> [Work request]:
Set down all of the entries word for word, omitting the images they contain.

> [Available data]:
────
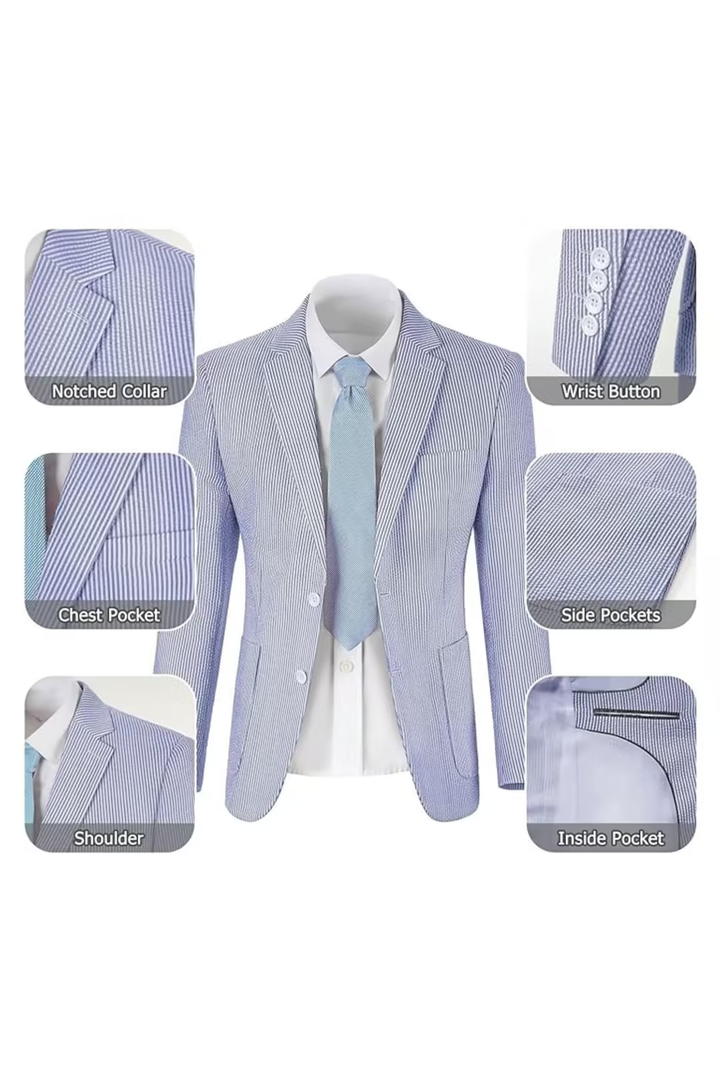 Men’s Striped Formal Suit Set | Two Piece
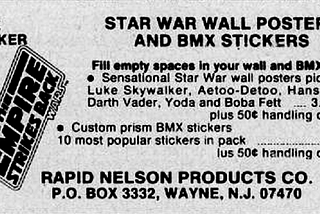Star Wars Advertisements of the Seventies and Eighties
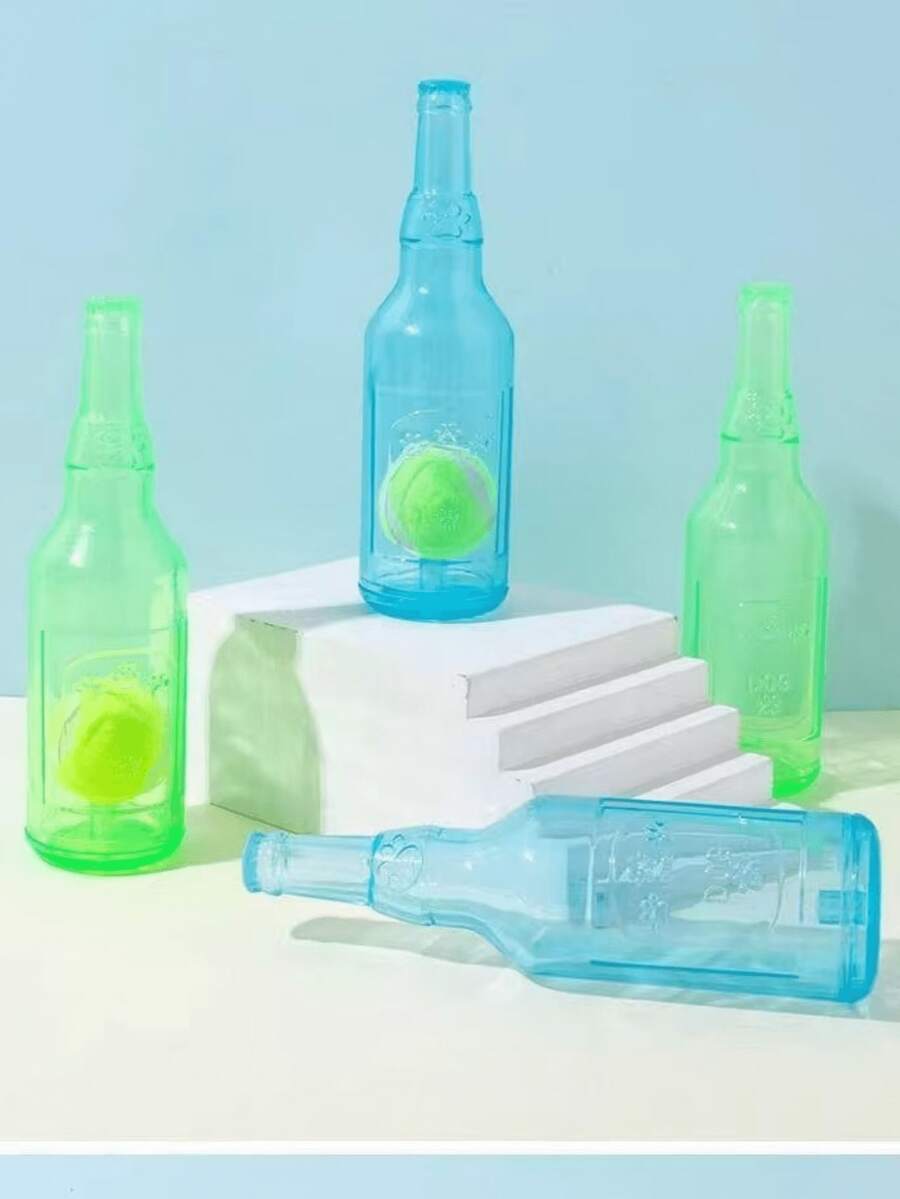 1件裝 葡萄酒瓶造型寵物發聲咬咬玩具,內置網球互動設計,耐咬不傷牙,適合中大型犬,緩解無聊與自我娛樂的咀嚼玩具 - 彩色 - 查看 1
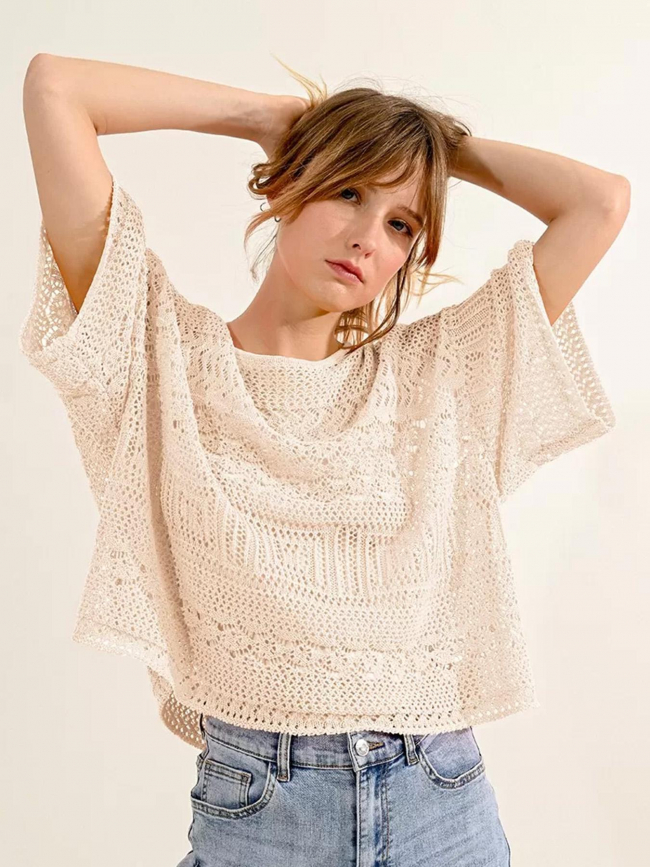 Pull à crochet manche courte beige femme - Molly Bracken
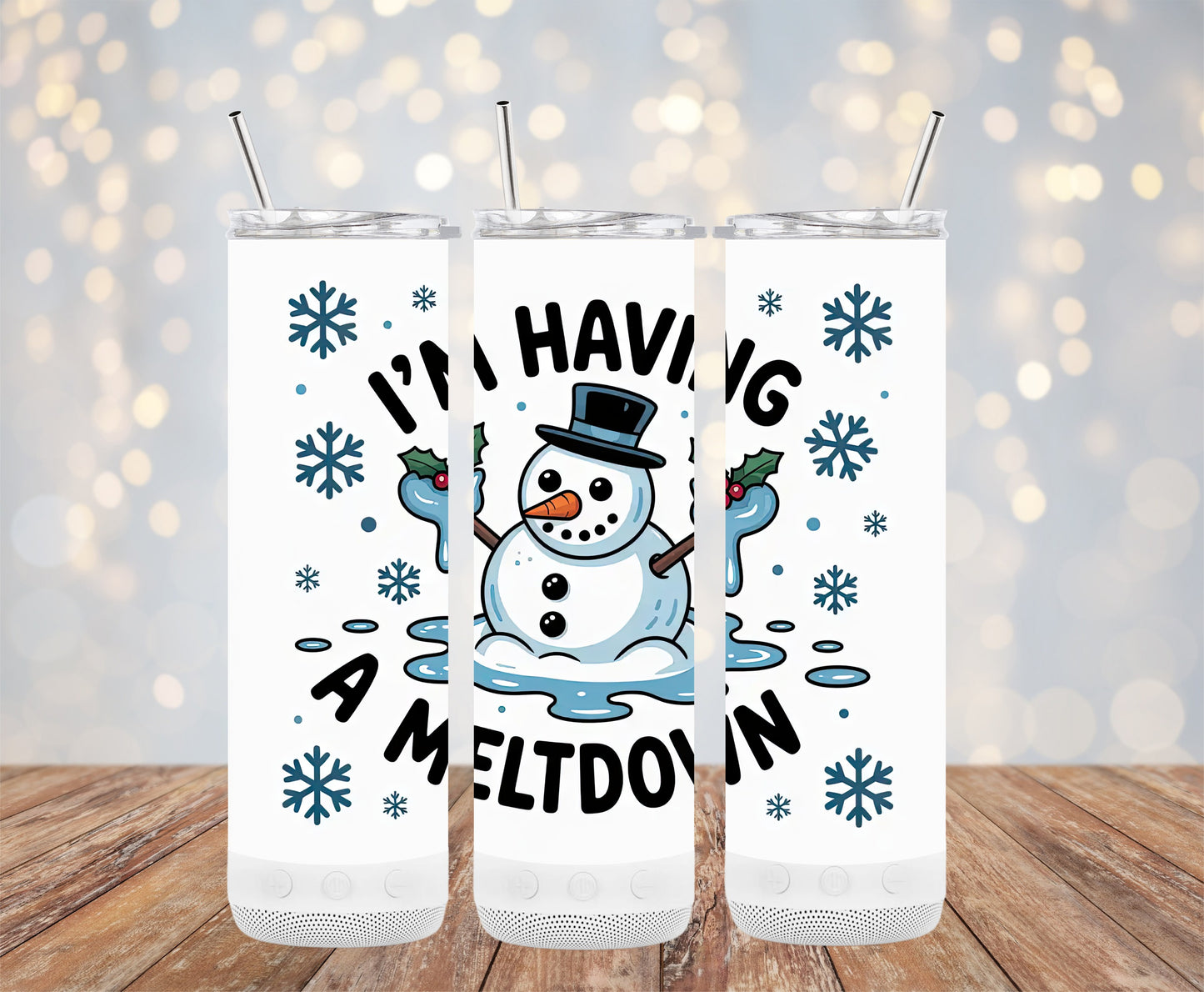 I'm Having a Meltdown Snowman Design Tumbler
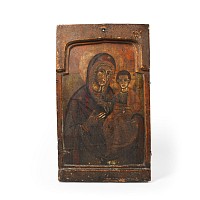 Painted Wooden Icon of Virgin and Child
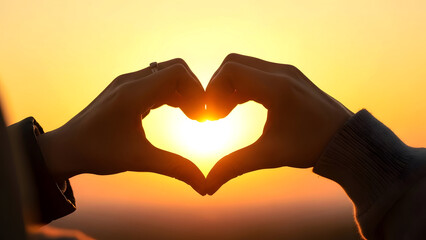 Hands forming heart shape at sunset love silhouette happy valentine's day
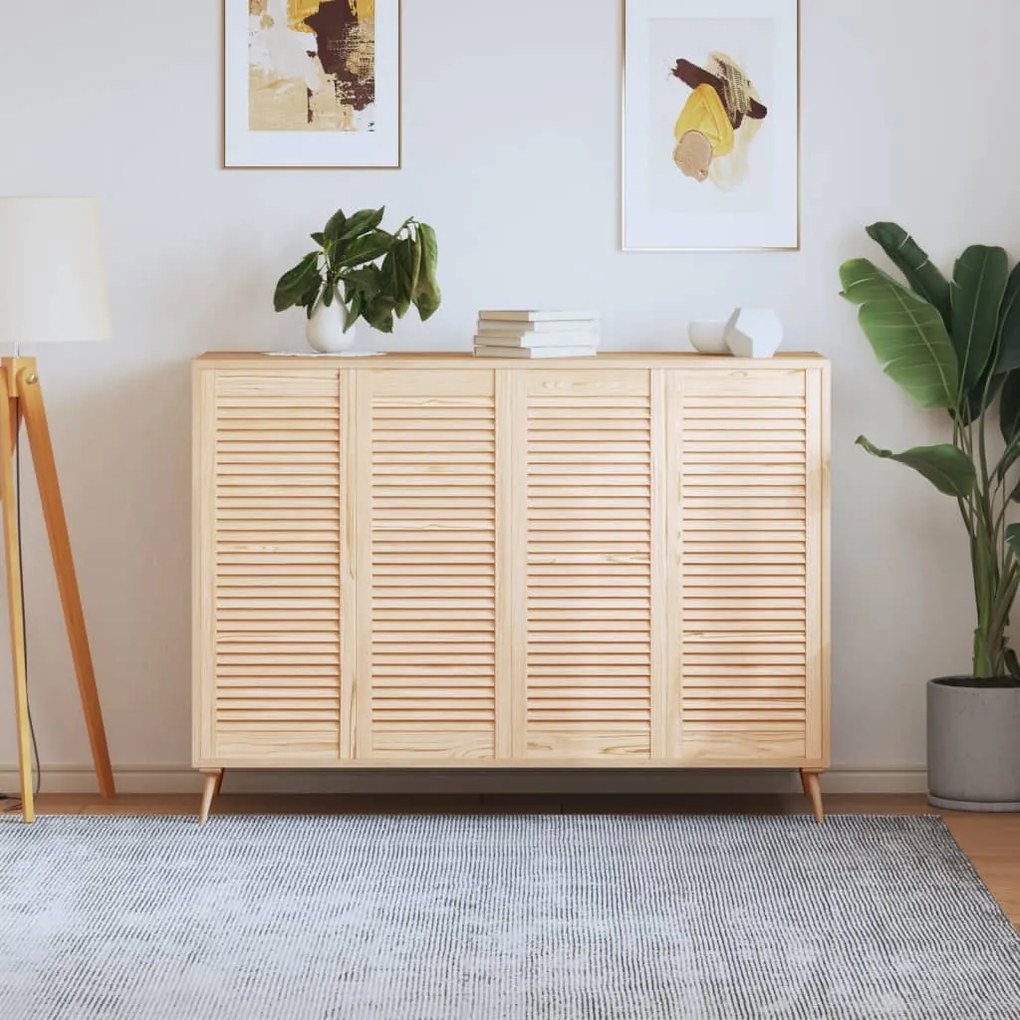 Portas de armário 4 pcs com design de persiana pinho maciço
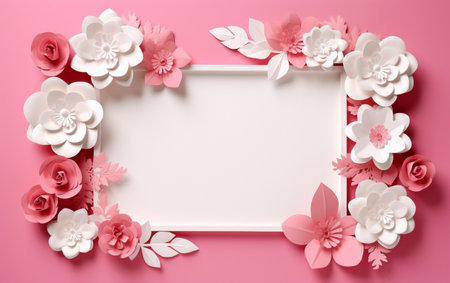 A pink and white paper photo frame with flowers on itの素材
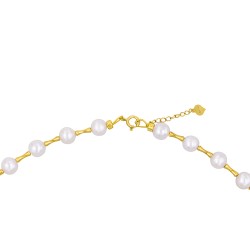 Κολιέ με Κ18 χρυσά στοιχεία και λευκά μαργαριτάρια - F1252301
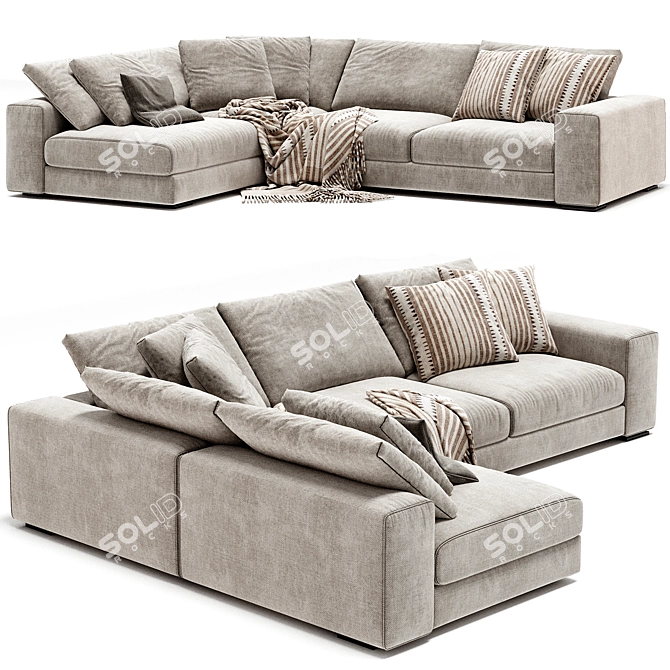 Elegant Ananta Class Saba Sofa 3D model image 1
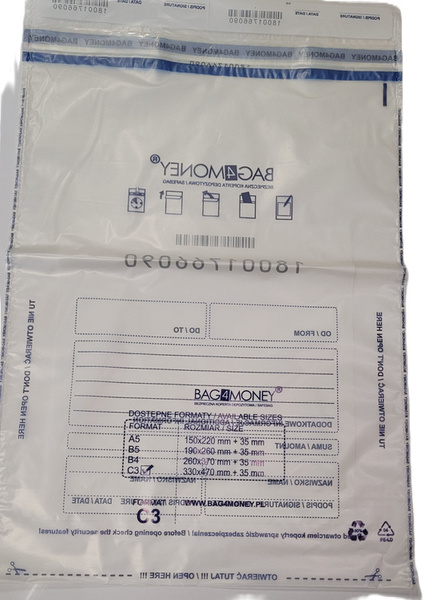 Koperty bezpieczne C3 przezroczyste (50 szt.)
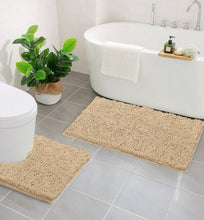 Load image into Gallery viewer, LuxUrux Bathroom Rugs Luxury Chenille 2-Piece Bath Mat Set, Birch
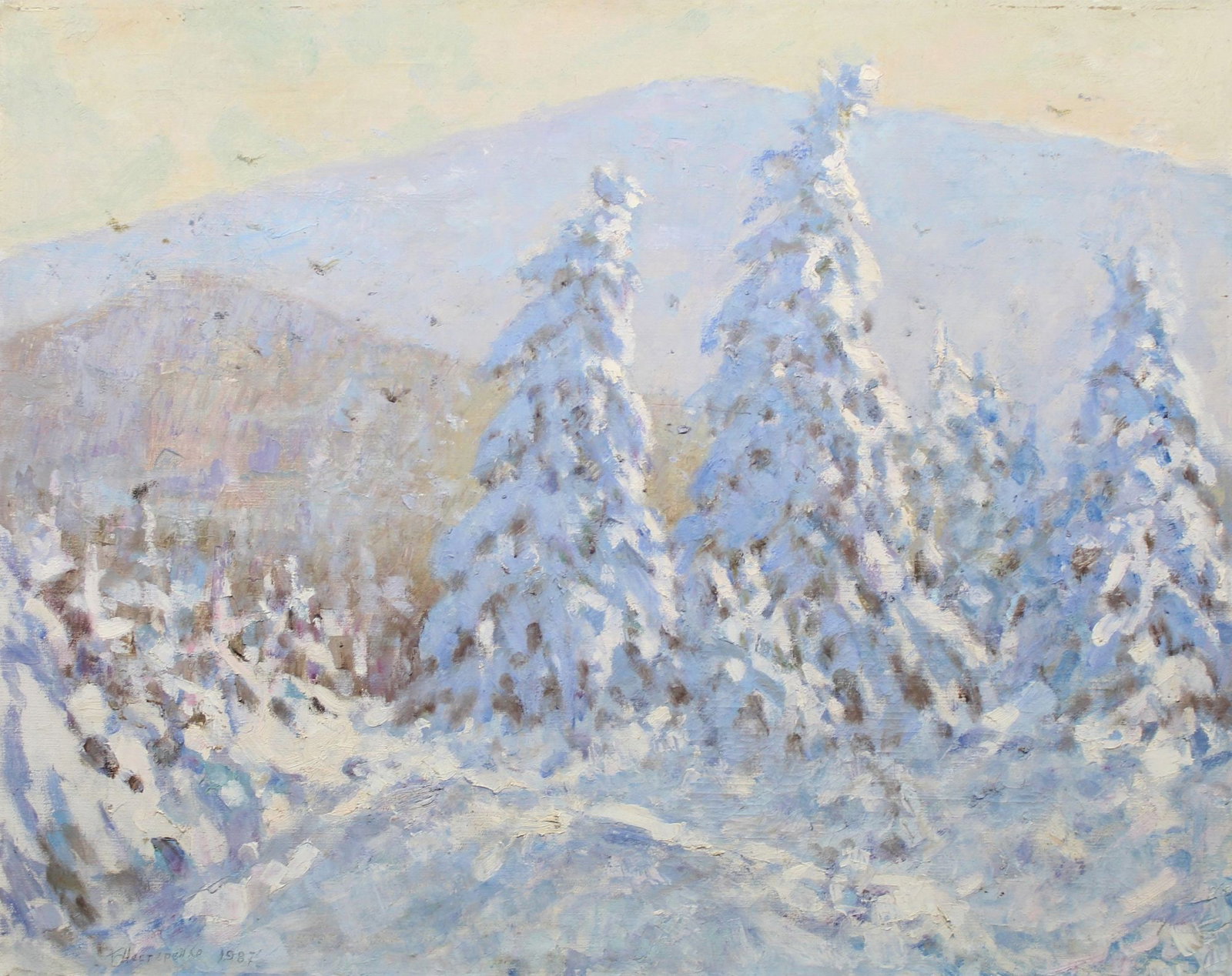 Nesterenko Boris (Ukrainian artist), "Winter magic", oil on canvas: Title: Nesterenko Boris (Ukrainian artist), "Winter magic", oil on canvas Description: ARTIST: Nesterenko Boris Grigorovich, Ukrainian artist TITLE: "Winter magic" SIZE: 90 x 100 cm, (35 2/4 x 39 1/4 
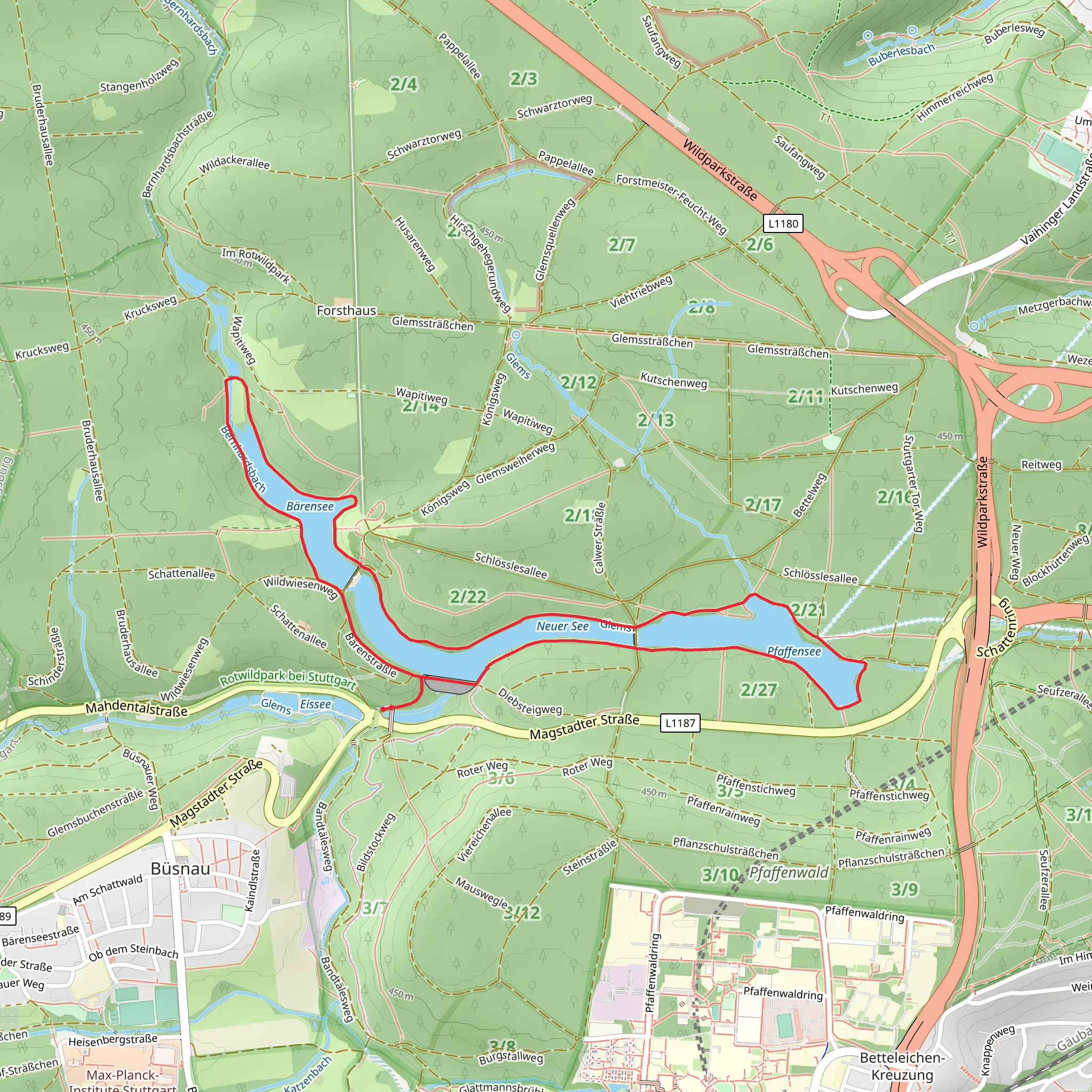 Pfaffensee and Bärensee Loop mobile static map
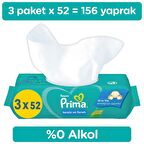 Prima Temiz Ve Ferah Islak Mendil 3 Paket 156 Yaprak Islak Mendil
────
> [Written response]:
 Men’s Striped Formal Suit Set | Two Piece
Star Wars Advertisements of the Seventies and Eighties
 1件裝 葡萄酒瓶造型寵物發聲咬咬玩具,內置網球互動設計,耐咬不傷牙,適合中大型犬,緩解無聊與自我娛樂的咀嚼玩具 - 彩色 - 查看 1
 Pull à crochet manche courte beige femme - Molly Bracken
 I'm Having a Meltdown Snowman Design Tumbler
 Painted Wooden Icon of Virgin and Child
 Hands forming heart shape at sunset love silhouette happy valentine's day
 Portas de armário 4 pcs com design de persiana pinho maciço
 A pink and white paper photo frame with flowers on itの素材
 Κολιέ με Κ18 χρυσά στοιχεία και λευκά μαργαριτάρια - F1252301
 Elegant Ananta Class Saba Sofa 3D model image 1
 Koperty bezpieczne C3 przezroczyste (50 szt.)
 Load image into Gallery viewer, LuxUrux Bathroom Rugs Luxury Chenille 2-Piece Bath Mat Set, Birch
 Nesterenko Boris (Ukrainian artist), "Winter magic", oil on canvas: Title: Nesterenko Boris (Ukrainian artist), "Winter magic", oil on canvas Description: ARTIST: Nesterenko Boris Grigorovich, Ukrainian artist TITLE: "Winter magic" SIZE: 90 x 100 cm, (35 2/4 x 39 1/4 
 Pfaffensee and Bärensee Loop mobile static map
 Prima Temiz Ve Ferah Islak Mendil 3 Paket 156 Yaprak Islak Mendil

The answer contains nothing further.